-- Task details --
Whatever precedes the line containing "pocketwize's tweet photo." is not copied; that line and every line after it through the final one below are copied exactly, except pictures.

-- Study material --
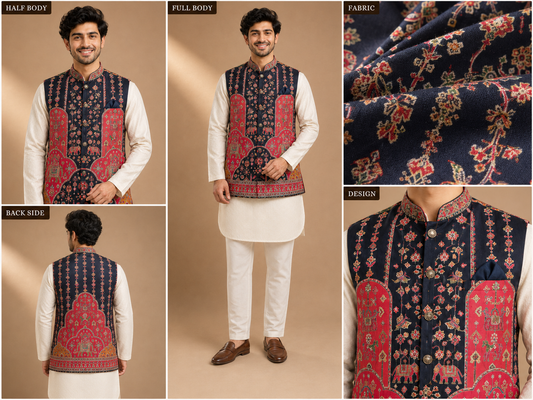 Men’s Navy & Red Ethnic Printed Nehru Jacket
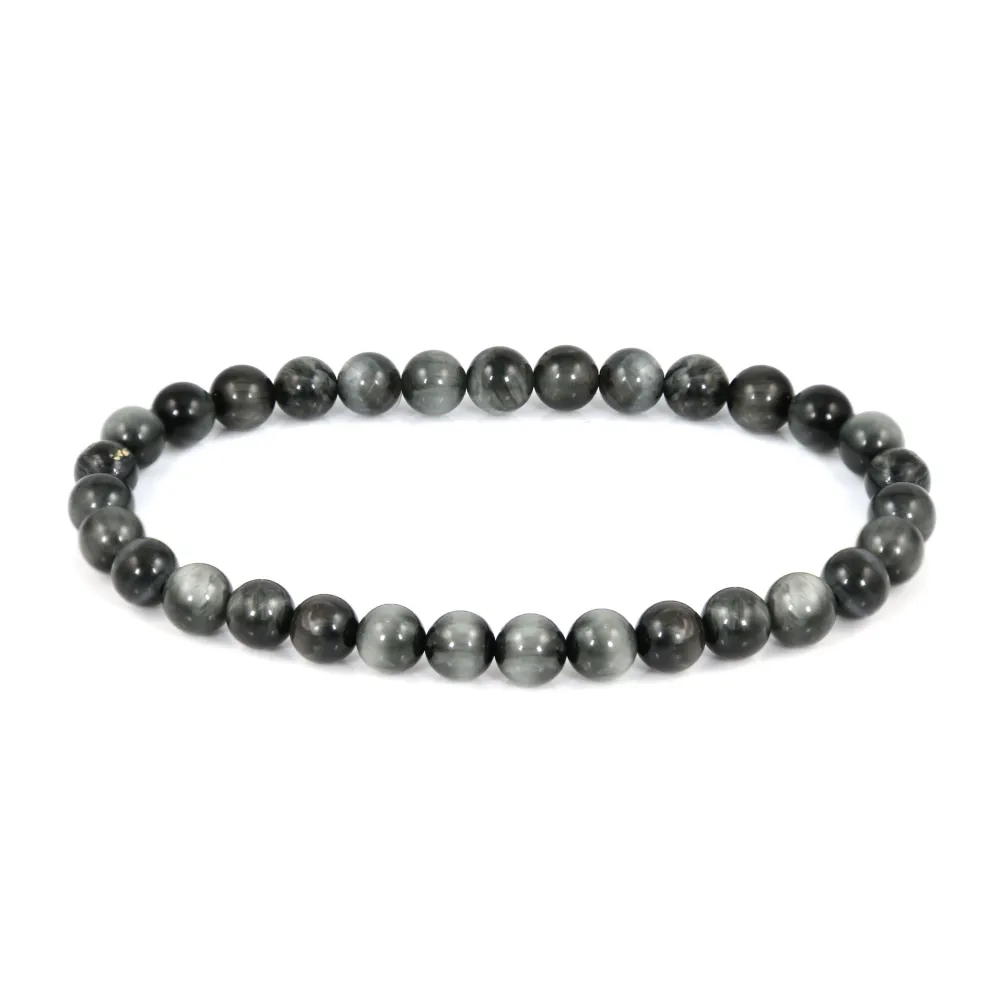 Pulseira Olho de Águia redonda 6mm - Elástico x 1 unid.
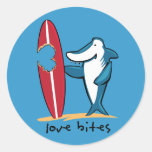 Surfing Shark Valentine Round Sticker
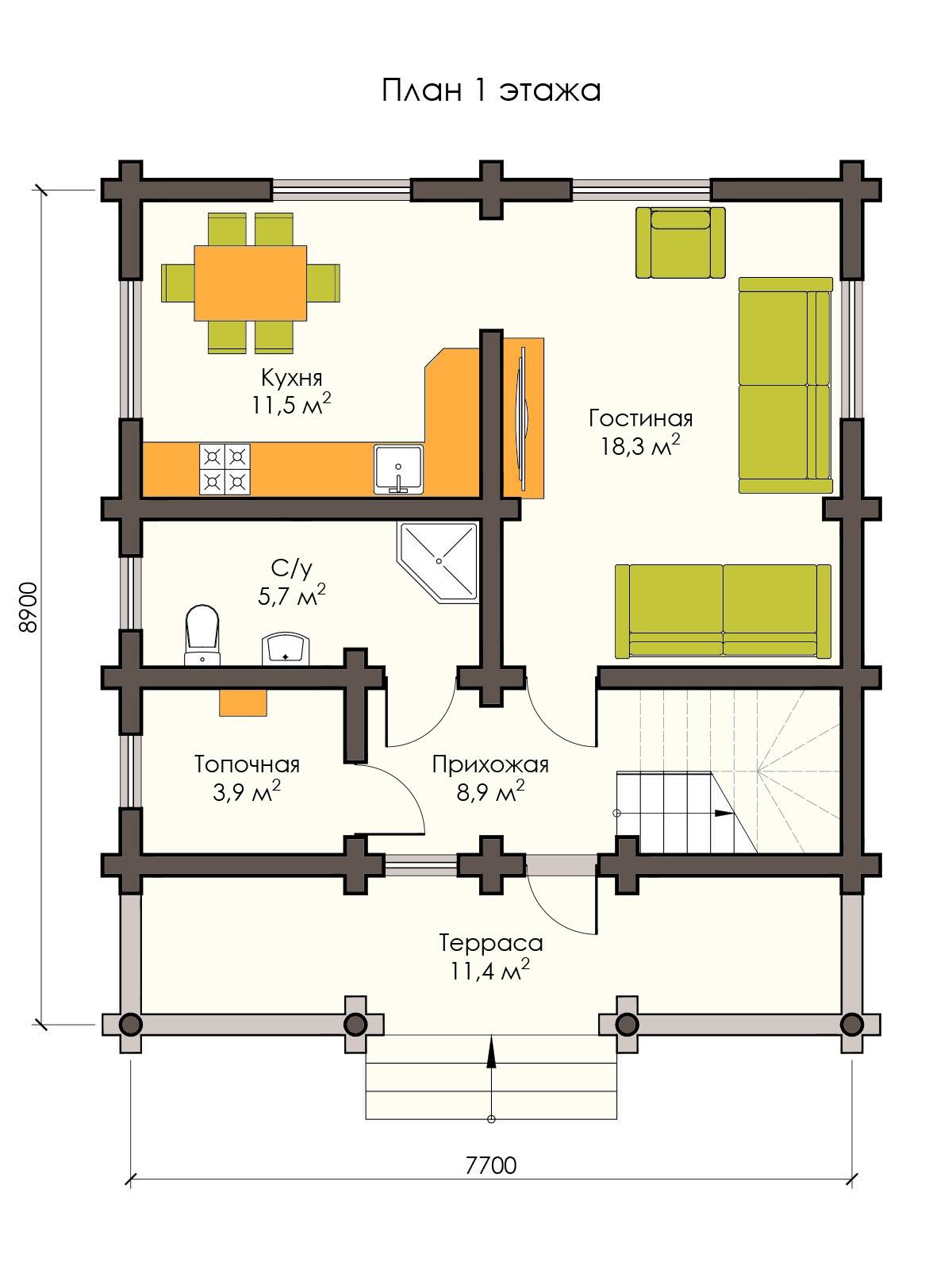Планировка домов с мансардой - готовые планы коттеджей 8х10, 10х10, 9х9, 8x8, 9x12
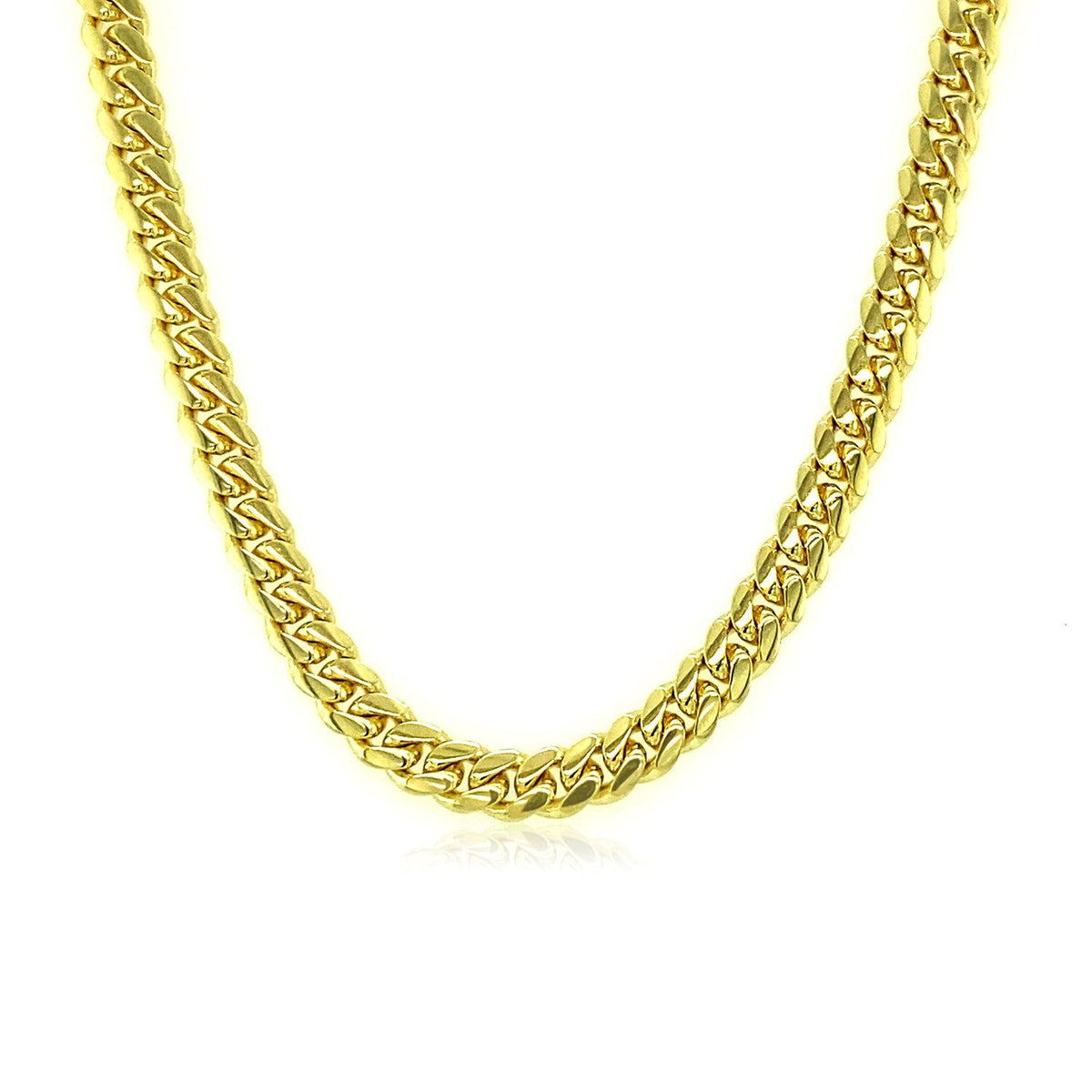 4.0mm 14k Yellow Gold Classic Solid Miami Cuban Chain - LinkagejewelrydesignLinkagejewelrydesign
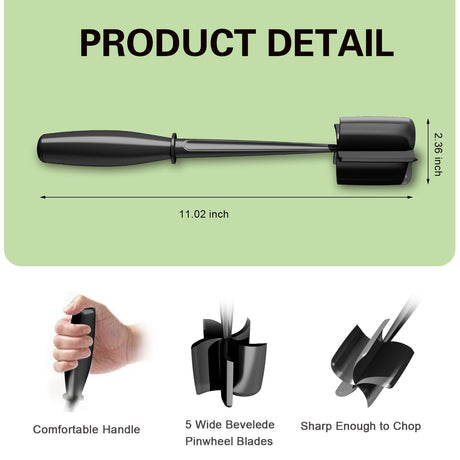 Minced Meat Ruller - Potato Masher - Meat Masher - Mashed Potatoes - Meat Chopper - Kitchen Utensils - Vegetable Masher - Hamburger Chopper - Mashed Potato Masher - Kitchen Tools - Meat Chopper - Heat Resistant - Spatula - Black - 1 Piece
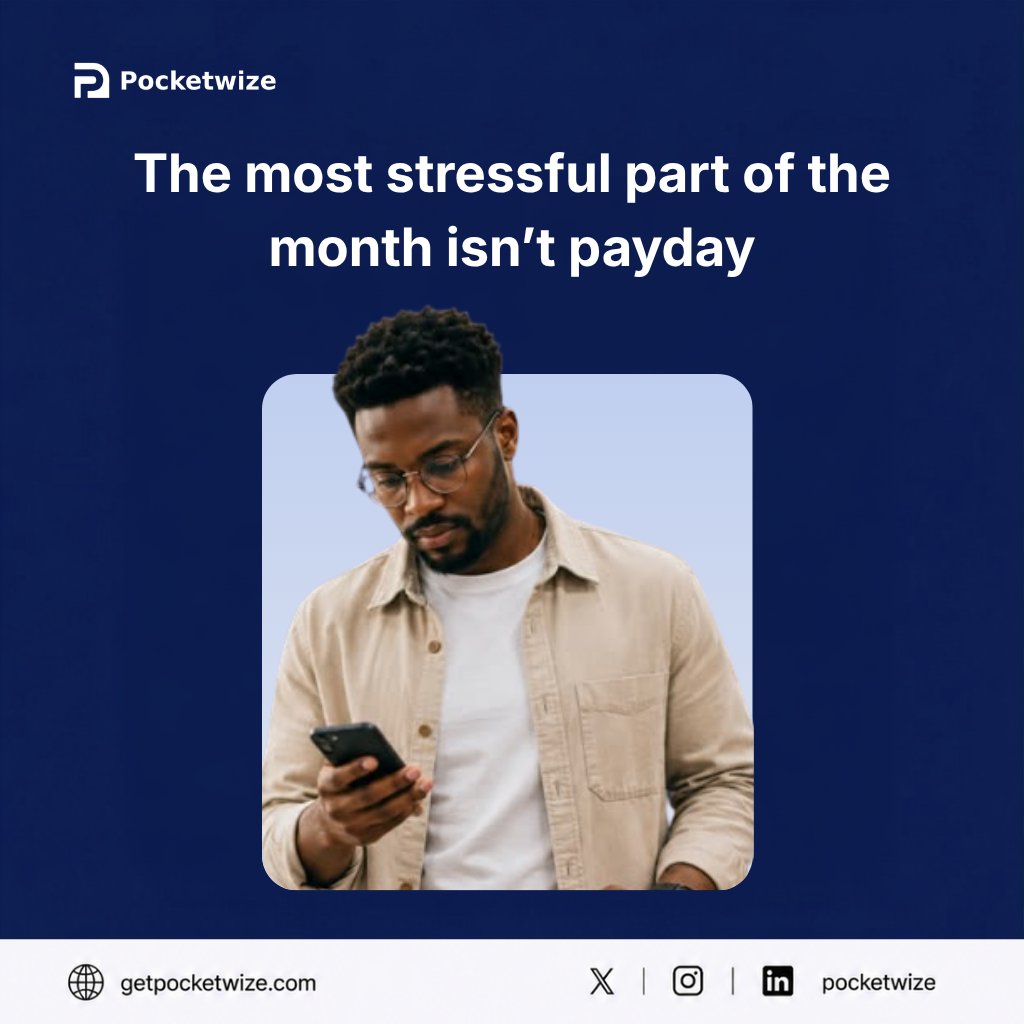 pocketwize's tweet photo. The most stressful part of the month isn’t payday.

It’s the point where you stop feeling certain about your money.

Usually somewhere around the middle of the month. https://t.co/v39hh9HBPB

-- Task output --
 pocketwize's tweet photo. The most stressful part of the month isn’t payday.

It’s the point where you stop feeling certain about your money.

Usually somewhere around the middle of the month. https://t.co/v39hh9HBPB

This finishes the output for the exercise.